En las afueras, las vallas cerraban el paso entre el Reloj Chino y el resto de los estudiantes, reunidos en una masa compacta. Debido a la distancia y al ruido omnipresente, muchos escucharon las declaraciones de Osorio Chong con la radio de su celular, compartiendo los audífonos con sus vecinos.

En la esquina de Bucareli y Morelos, una ambulancia mantuvo sus puertas abiertas con la radio a todo volumen para que los estudiantes cercanos pudieran oír el mensaje del funcionario.

Cuando un vocero de la comitiva evocó a los normalistas desaparecidos y asesinados de Guerrero, el conductor de W Radio cortó la transmisión y comentó que este tema “no tenía que ver con el IPN”.

Cada vez que Osorio Chong prometía el cumplimiento de las demandas estudiantiles, lo que retransmitían las radios, estallaban los “¡Sí se pudo!” en las calles anexas al edificio de la Segob.

La fecha en que los estudiantes informarán a Gobernación la aceptación de sus resoluciones se definirá en la Asamblea General Politécnica (AGP), no sin antes lanzar una advertencia al funcionario federal en el sentido de que “lo hacen responsable de cualquier daño a los integrantes del movimiento del Instituto Politécnico Nacional.
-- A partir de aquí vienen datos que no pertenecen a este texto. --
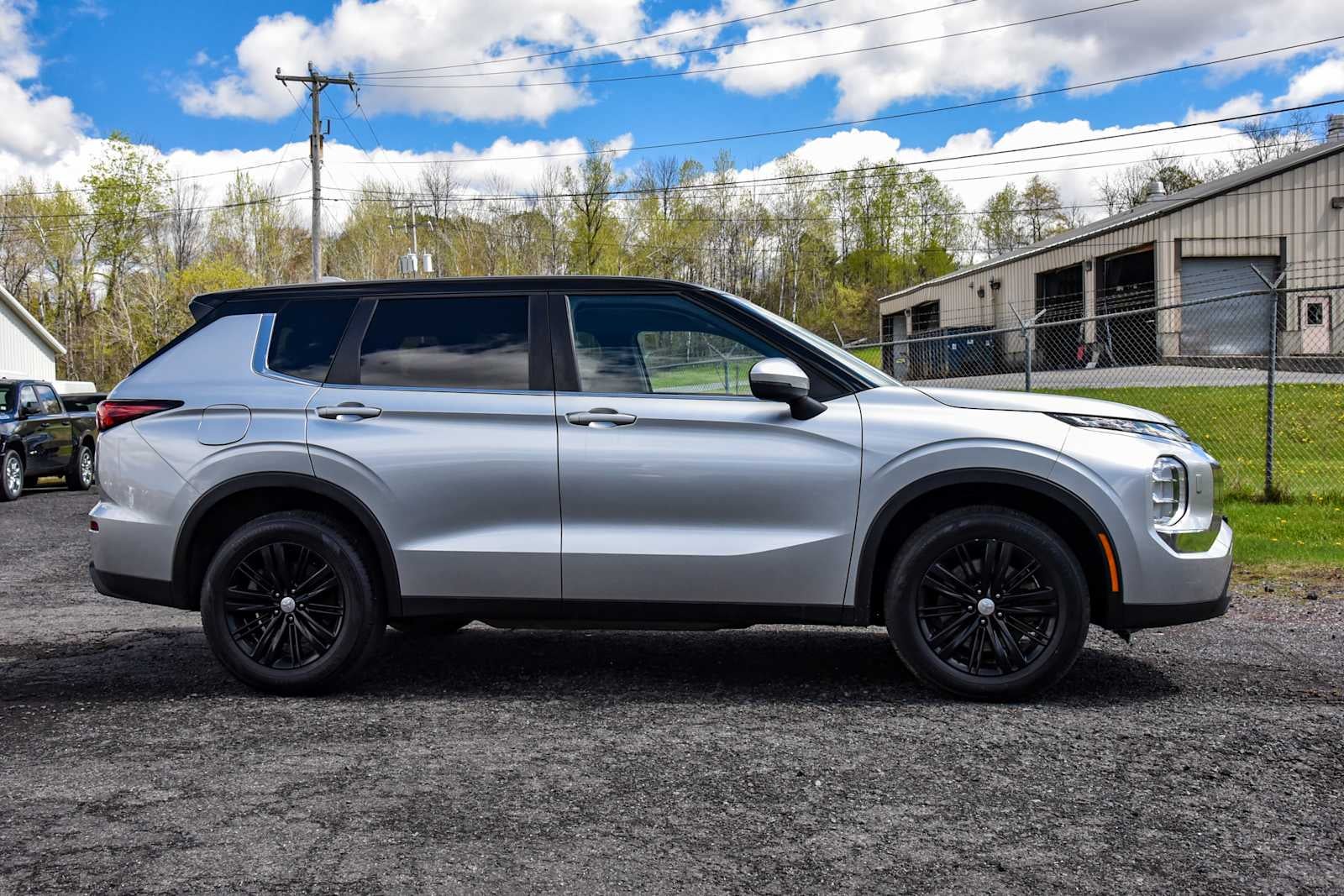2024 Mitsubishi Outlander ES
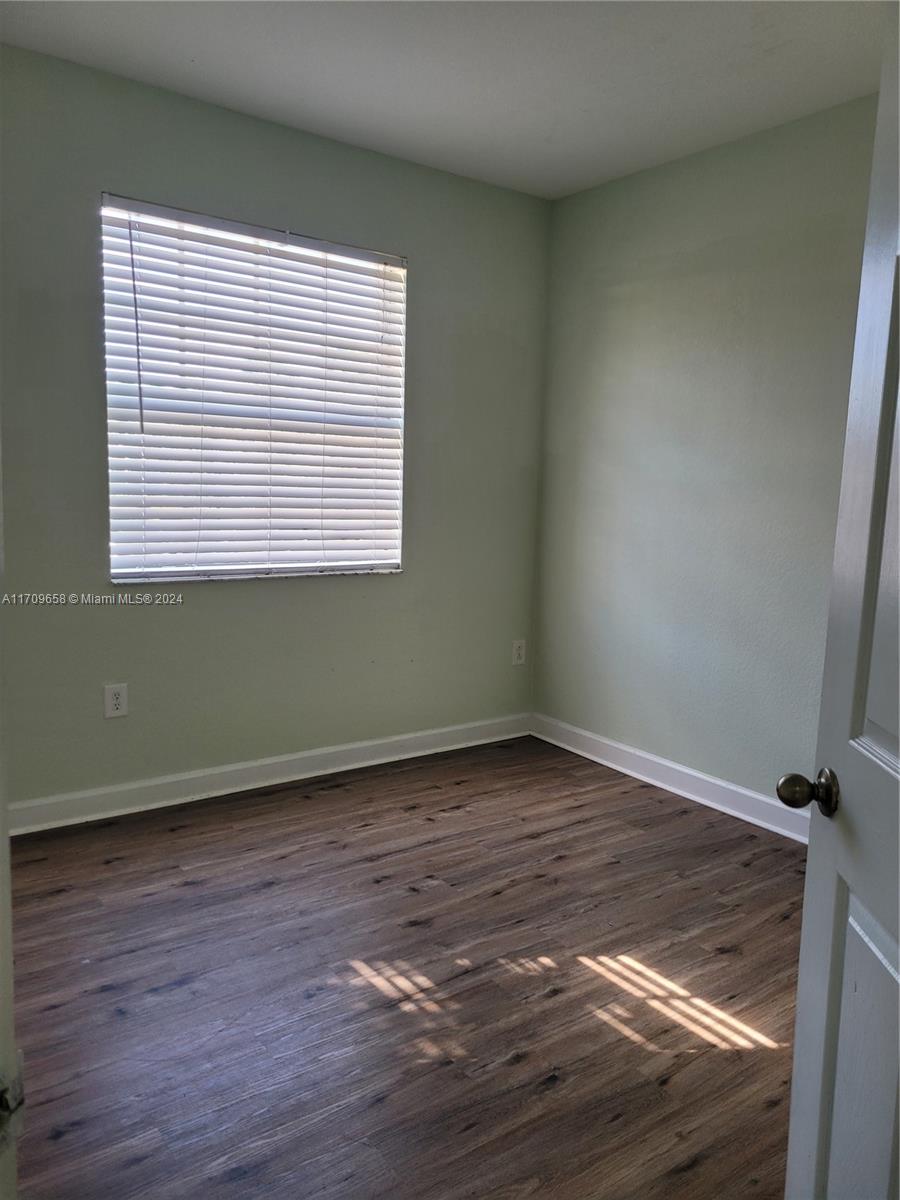 3365 NE 14 DR # 16 Unit: 201-16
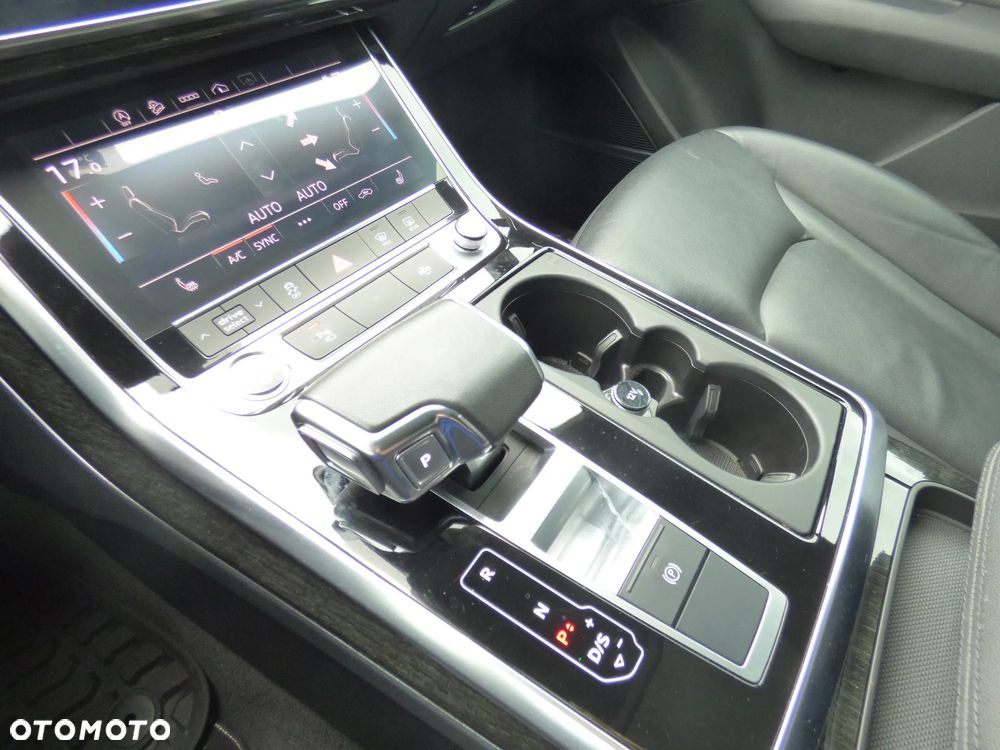 Audi Q7 - 13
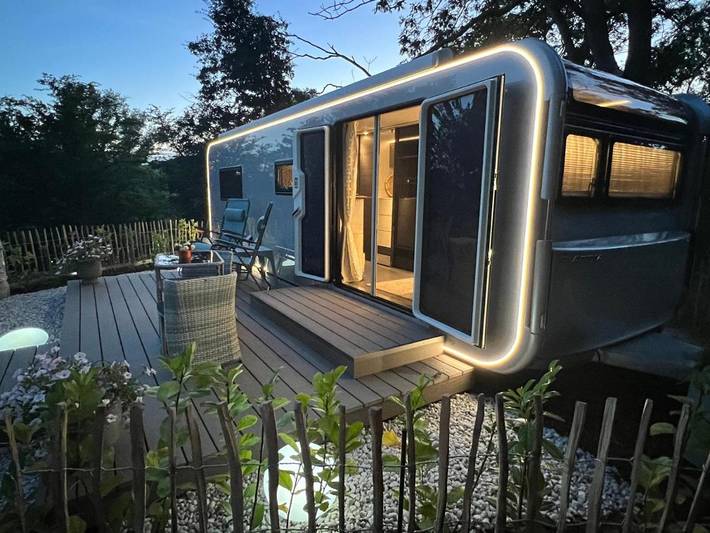 Camping für 2 Personen, mit Terrasse und Seeblick auf Usedom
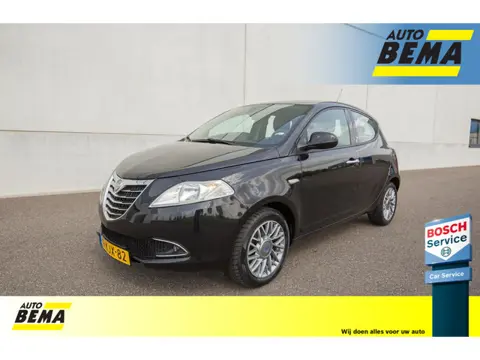 Lancia Ypsilon 1.2 Black & Red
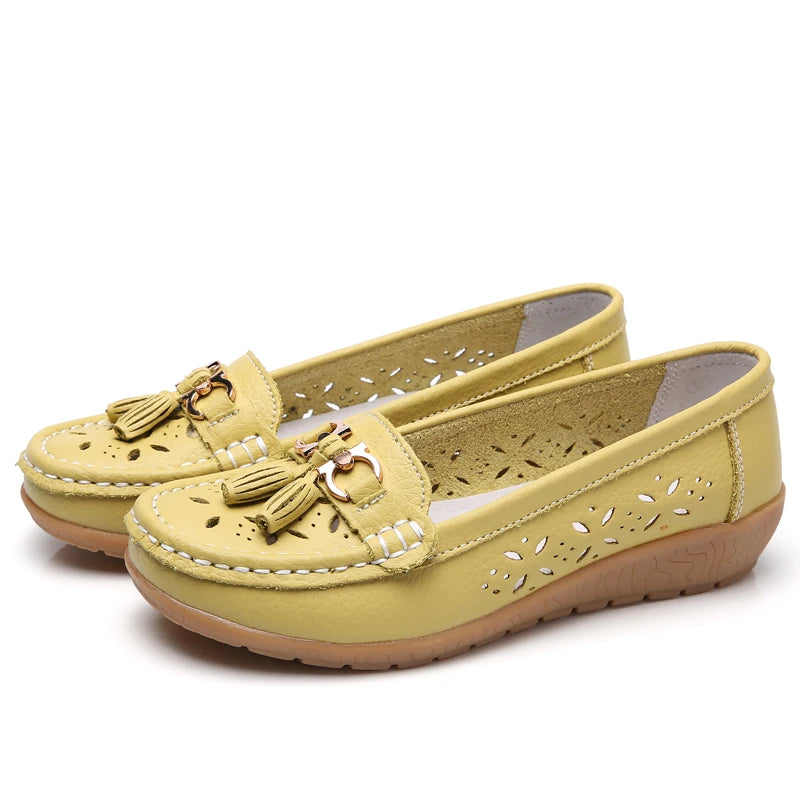 Women's Genuine Leather Loafers Flat Comfort Slip-On Moccasins with Arch Support Wide Sizes EU 41-43 (US 10-12)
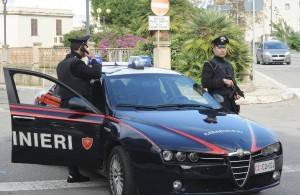 Furto in negozio- commessa chiama il 112, ladro arrestato dai Carabinieri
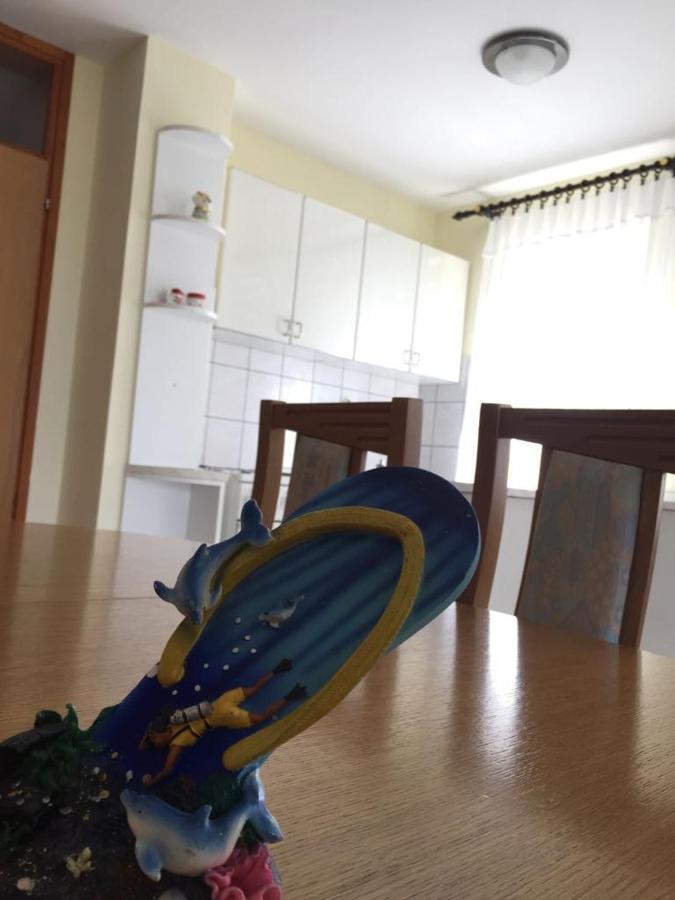 Apartmani Ana マリンスカ エクステリア 写真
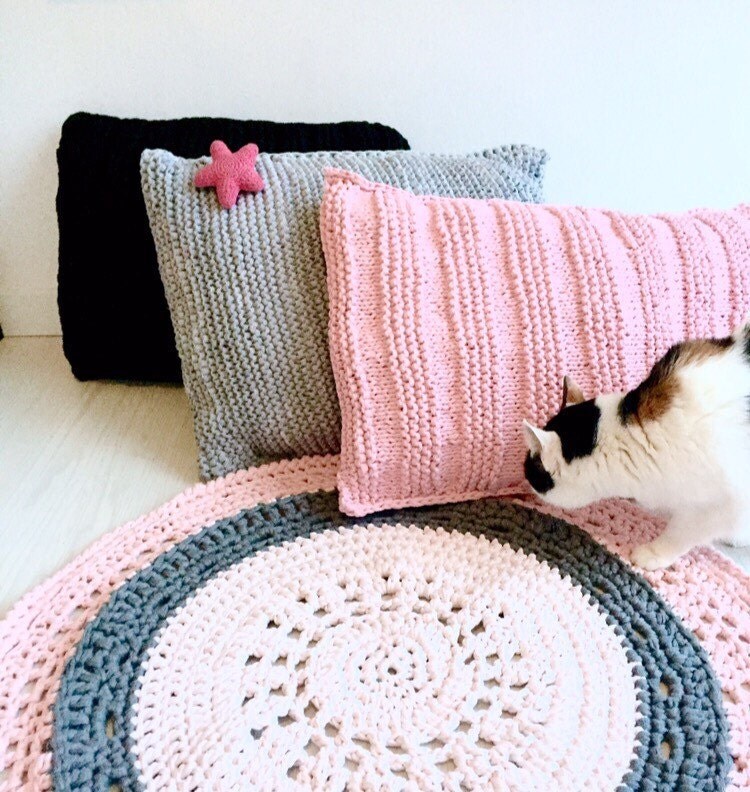 Rectangle Puf crochet negro Cojín de suelo por Geometrikdesign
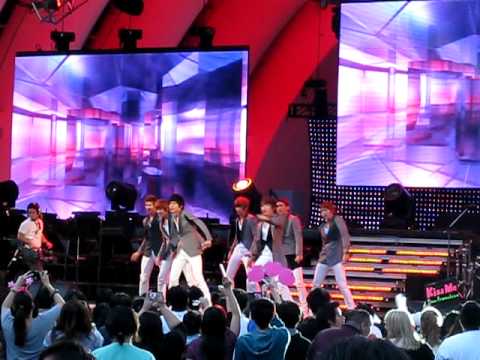 KMF 9 (4/30/2011) U-KISS - Man Man Ha Ni [fancam]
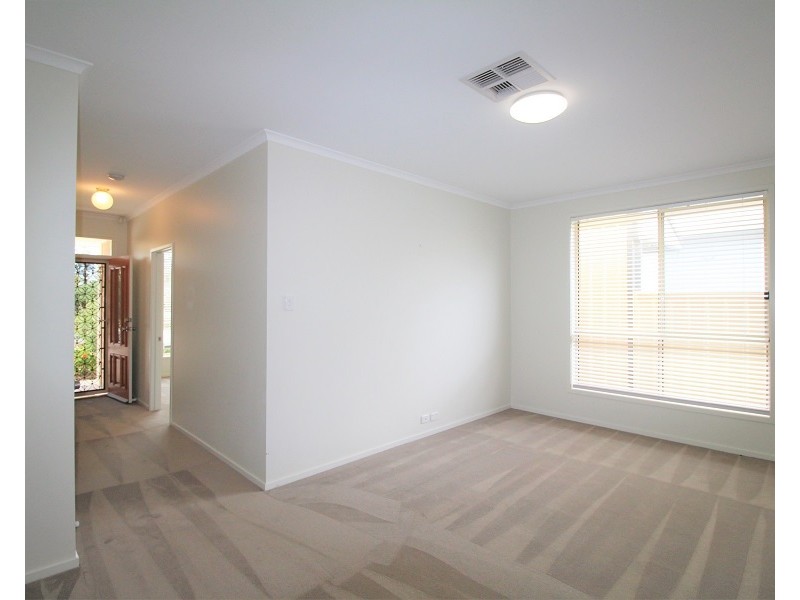 4 Harvey Crescent, Aldinga Beach SA 5173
“No vamos a dejarlo aquí, en cada escuela vamos a organizar asambleas politécnicas para analizar la propuesta que entregó la Segob. Fue un logro, pero no la victoria”, aseveró a Apro Iván García, un estudiante de la ESIA Zacatenco con un casco amarillo en la cabeza, vestido con camisa sin mangas y empapada por la lluvia, quien no obstante sostenía una enorme bandera del IPN en sus manos.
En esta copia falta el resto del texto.